Task requirements: Copy out the lines of the records below, and only those lines, from the one with "DIOR MEDIUM Lady" through the one with "Blue Jay Throw Pillow", exactly as they appear.

Records from a data collection:
= = = = = = =

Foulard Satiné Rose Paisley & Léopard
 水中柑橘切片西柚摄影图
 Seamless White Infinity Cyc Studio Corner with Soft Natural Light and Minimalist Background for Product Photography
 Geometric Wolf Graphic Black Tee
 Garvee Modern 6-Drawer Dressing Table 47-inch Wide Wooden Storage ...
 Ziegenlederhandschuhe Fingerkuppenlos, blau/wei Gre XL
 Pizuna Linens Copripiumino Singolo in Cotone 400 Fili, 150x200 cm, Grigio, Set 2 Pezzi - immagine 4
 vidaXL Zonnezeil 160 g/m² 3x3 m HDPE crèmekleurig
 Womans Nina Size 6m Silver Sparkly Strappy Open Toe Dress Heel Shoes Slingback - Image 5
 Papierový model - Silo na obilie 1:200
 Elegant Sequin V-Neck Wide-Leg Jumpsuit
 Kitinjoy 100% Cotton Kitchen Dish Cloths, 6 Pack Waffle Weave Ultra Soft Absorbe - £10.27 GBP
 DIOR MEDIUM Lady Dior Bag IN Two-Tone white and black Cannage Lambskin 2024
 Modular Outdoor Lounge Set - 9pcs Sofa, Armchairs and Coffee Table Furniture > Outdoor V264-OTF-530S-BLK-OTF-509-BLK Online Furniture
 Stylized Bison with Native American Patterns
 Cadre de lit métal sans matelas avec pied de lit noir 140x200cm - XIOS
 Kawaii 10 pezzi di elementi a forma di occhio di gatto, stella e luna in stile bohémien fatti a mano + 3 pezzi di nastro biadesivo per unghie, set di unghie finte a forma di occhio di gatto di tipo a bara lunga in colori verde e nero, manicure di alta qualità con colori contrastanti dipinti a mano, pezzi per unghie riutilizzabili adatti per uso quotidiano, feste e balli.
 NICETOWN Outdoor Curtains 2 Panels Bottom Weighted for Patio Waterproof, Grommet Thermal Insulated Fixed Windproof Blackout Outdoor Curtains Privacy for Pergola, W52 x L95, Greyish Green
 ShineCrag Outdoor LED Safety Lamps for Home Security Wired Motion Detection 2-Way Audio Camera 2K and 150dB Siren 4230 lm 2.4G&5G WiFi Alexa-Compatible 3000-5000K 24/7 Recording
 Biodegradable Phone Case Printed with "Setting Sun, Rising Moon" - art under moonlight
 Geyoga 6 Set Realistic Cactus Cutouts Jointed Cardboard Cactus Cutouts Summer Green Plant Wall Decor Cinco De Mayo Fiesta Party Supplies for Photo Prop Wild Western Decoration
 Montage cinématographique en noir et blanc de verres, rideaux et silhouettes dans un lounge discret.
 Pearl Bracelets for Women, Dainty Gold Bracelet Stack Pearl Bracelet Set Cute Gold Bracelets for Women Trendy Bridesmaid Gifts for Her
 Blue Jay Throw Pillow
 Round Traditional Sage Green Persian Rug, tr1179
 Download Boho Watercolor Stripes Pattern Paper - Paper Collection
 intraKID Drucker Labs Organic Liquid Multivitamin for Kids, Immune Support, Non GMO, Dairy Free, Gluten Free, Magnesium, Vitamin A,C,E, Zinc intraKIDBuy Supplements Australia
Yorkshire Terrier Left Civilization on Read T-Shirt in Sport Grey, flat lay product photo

= = = = = = =

Written response:
 DIOR MEDIUM Lady Dior Bag IN Two-Tone white and black Cannage Lambskin 2024
 Modular Outdoor Lounge Set - 9pcs Sofa, Armchairs and Coffee Table Furniture > Outdoor V264-OTF-530S-BLK-OTF-509-BLK Online Furniture
 Stylized Bison with Native American Patterns
 Cadre de lit métal sans matelas avec pied de lit noir 140x200cm - XIOS
 Kawaii 10 pezzi di elementi a forma di occhio di gatto, stella e luna in stile bohémien fatti a mano + 3 pezzi di nastro biadesivo per unghie, set di unghie finte a forma di occhio di gatto di tipo a bara lunga in colori verde e nero, manicure di alta qualità con colori contrastanti dipinti a mano, pezzi per unghie riutilizzabili adatti per uso quotidiano, feste e balli.
 NICETOWN Outdoor Curtains 2 Panels Bottom Weighted for Patio Waterproof, Grommet Thermal Insulated Fixed Windproof Blackout Outdoor Curtains Privacy for Pergola, W52 x L95, Greyish Green
 ShineCrag Outdoor LED Safety Lamps for Home Security Wired Motion Detection 2-Way Audio Camera 2K and 150dB Siren 4230 lm 2.4G&5G WiFi Alexa-Compatible 3000-5000K 24/7 Recording
 Biodegradable Phone Case Printed with "Setting Sun, Rising Moon" - art under moonlight
 Geyoga 6 Set Realistic Cactus Cutouts Jointed Cardboard Cactus Cutouts Summer Green Plant Wall Decor Cinco De Mayo Fiesta Party Supplies for Photo Prop Wild Western Decoration
 Montage cinématographique en noir et blanc de verres, rideaux et silhouettes dans un lounge discret.
 Pearl Bracelets for Women, Dainty Gold Bracelet Stack Pearl Bracelet Set Cute Gold Bracelets for Women Trendy Bridesmaid Gifts for Her
 Blue Jay Throw Pillow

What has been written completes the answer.